A 2012 study published in Computers & Education, “No A 4 U: The Relationship between Multitasking and Academic Performance,” analyzes Web survey data from more 1,839 students at a public university. The researchers, from the University of Alabama, Birmingham, and Lock Haven University (Penn.), examine how the use of Facebook — and engagement in other forms of digital activity — while trying to complete schoolwork was associated with college students’ grade point averages. Students gave the researchers permission to see their grades. The participant group was 64% female, and 88% were of traditional college age, 18 to 22 years old.
The study’s findings include:
- During coursework, “students spent the most time using Facebook, searching for non-school-related information online, and emailing. While doing schoolwork outside of class, students reported spending an average of 60 minutes per day on Facebook, 43 minutes per day searching, and 22 minutes per day on email. Lastly, students reported sending an average of 71 texts per day while doing schoolwork.”
- The data suggest that “using Facebook and texting while doing schoolwork were negatively predictive of overall GPA.” However, “emailing, talking on the phone, and using IM were not related to overall GPA.”
- “Engaging in Facebook use or texting while trying to complete schoolwork taxes the student’s limited capacity for cognitive processing and precludes deeper learning. First, paying attention to Facebook or texting while studying limits essential processing because energies focused on attending to these technologies cannot be focused on making sense of study material.”
- In addition, “using Facebook or texting while studying limits the capacity for representational holding because working memory is taxed while trying to pay attention to competing stimuli. As such, representational holding is limited by the information processing bottleneck — there is only a limited amount of information that can be held in working memory and when that limit is reached, other information cannot be held.”
The researchers explore why frequent Facebook use and texting were linked to poorer academic performance, while instant messaging, online searching and emailing were not: “This discrepancy can either be explained by characteristics of the technologies themselves or by qualitative differences in how the technologies are used by students — Facebook and texting are [perhaps] used for social purposes while emailing and searching are used for academic purposes.” The study calls for more research to explain this discrepancy.

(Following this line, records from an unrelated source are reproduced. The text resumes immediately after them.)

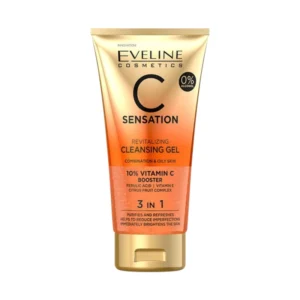 Eveline Cosmetics C Sensation Revitalizing 3in1 Cleansing Gel -150ml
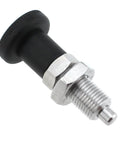 Stainless Steel Spring Return Knob Plunger M10 Push Fit Ball Nose Indexing displaying smooth rotation component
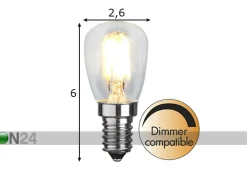 LED sähkölamppu E14 2,8 W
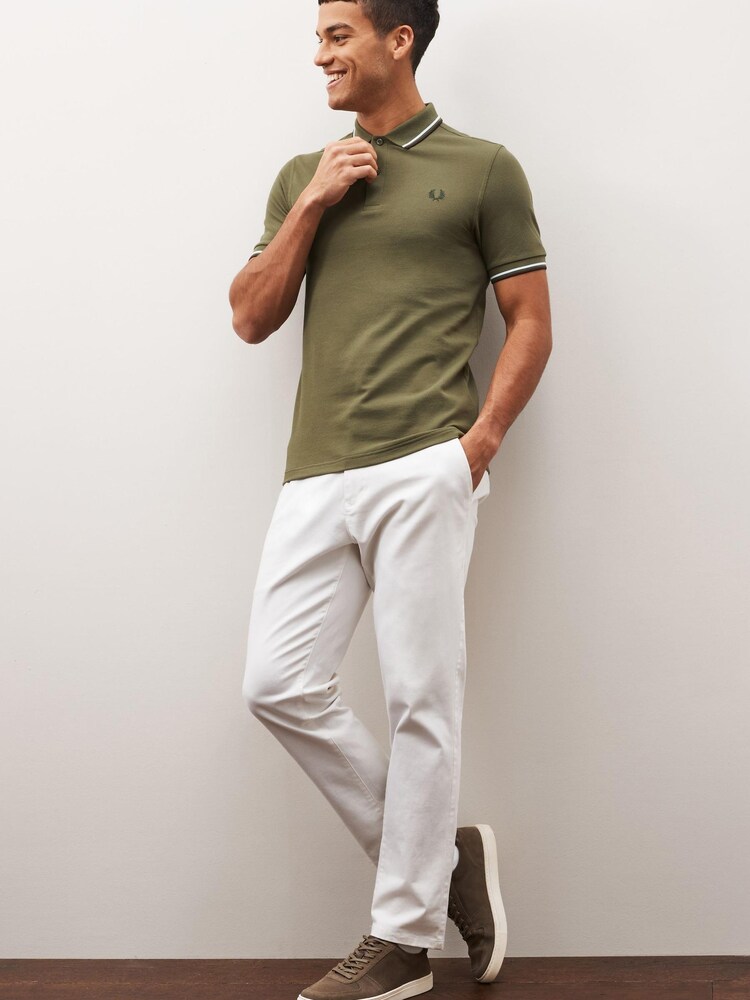 Fred Perry Mens Twin Tipped Polo Shirt - Image 1 of 4 Fred Perry Mens Twin Tipped Polo Shirt - Image 1 of 4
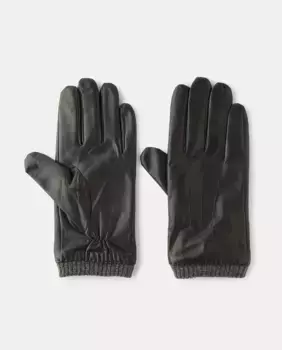 Коричневые кожаные мужские перчатки Сделано в Испании Pierre Cardin, коричневый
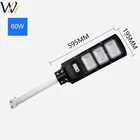 IP65 夕暮れに 5000 mah リチウム電池 Pir モーション/光センサーソーラー led 街路灯
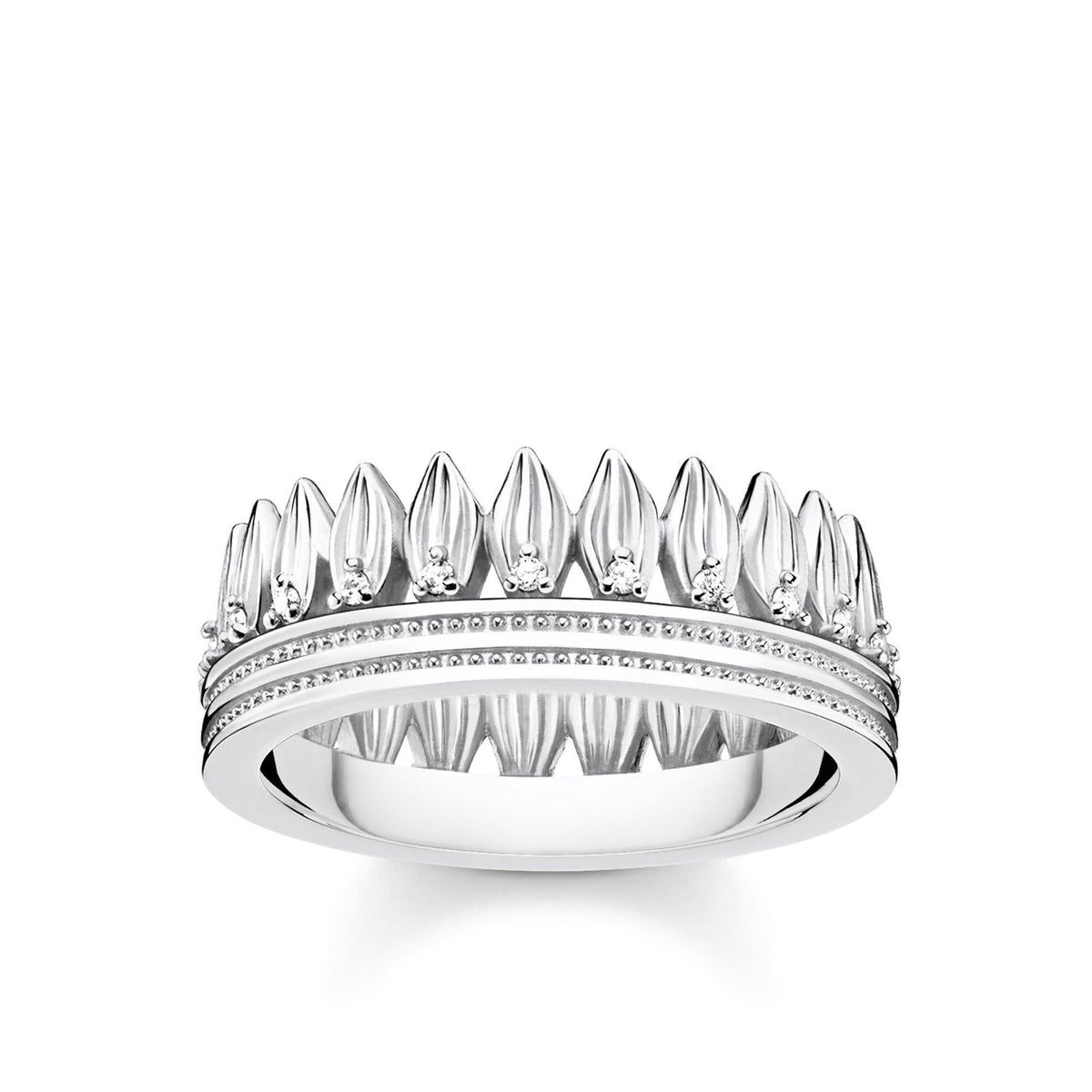 Leaves Crown Ring in Silver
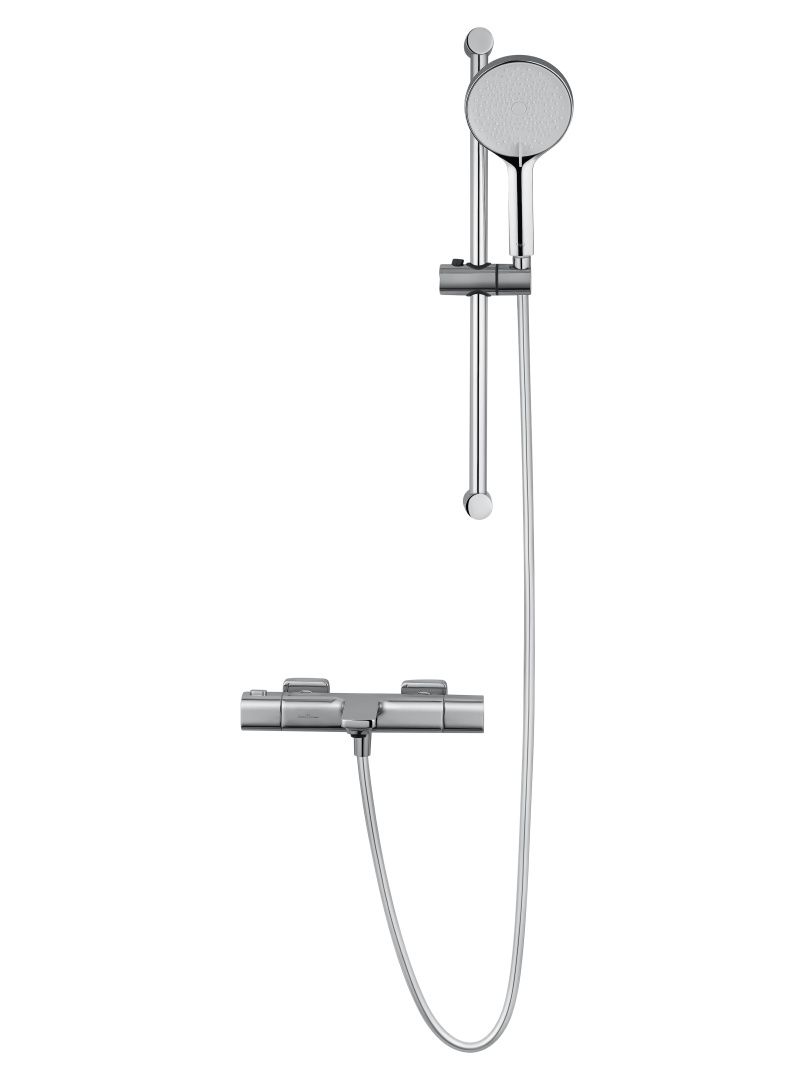 Приобрести смеситель для ванны с душем и термостатом wonzon & woghand solid, хром (ww-c2011-a-cr)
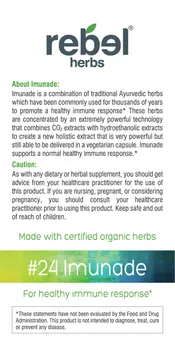 Rebel Herbs Organic Imunade Vegetarian Capsules - 60 Count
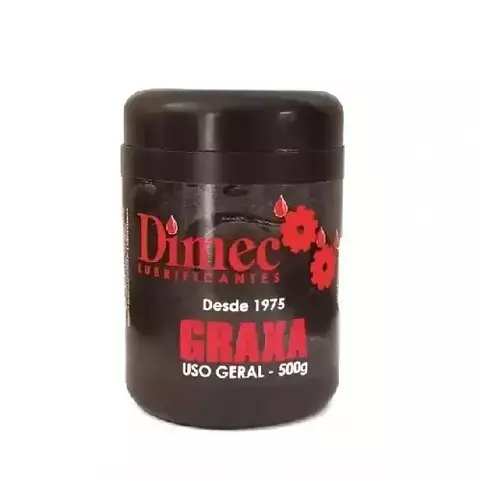 Graxa MR Escuro Uso Geral 500g Dimec Lubrificante Resistente e Eficiente - comprar online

In related research, another 2012 study in Computers & Education that focused on Facebook use during classroom learning found that “attempting to attend to lectures and engage digital technologies for off-task activities can have a detrimental impact on learning.” A 2010 study in Computers in Human Behavior also supports these general findings.
Tags: Facebook, Twitter, higher education, cognition
Read the issue-related New York Times article titled "Wasting Time Is New Divide in Digital Era."
- What key insights from the news article and the study in this lesson should reporters be aware of as they cover issues relating to digital culture?
Read the full study titled "No A 4 U: The Relationship between Multitasking and Academic Performance."
- What are the study's key technical term(s)? Which ones need to be put into language a lay audience can understand?
- Do the study’s authors put the research into context and show how they are advancing the state of knowledge about the subject? If so, what did the previous research indicate?
- What is the study’s research method? If there are statistical results, how did the scholars arrive at them?
- Evaluate the study's limitations. (For example, are there weaknesses in the study's data or research design?)
- How could the findings be misreported or misinterpreted by a reporter? In other words, what are the difficulties in conveying the data accurately? Give an example of a faulty headline or story lead.
Newswriting and digital reporting assignments
- Write a lead, headline or nut graph based on the study.
- Spend 60 minutes exploring the issue by accessing sources of information other than the study. Write a lead (or headline or nut graph) based on the study but informed by the new information. Does the new information significantly change what one would write based on the study alone?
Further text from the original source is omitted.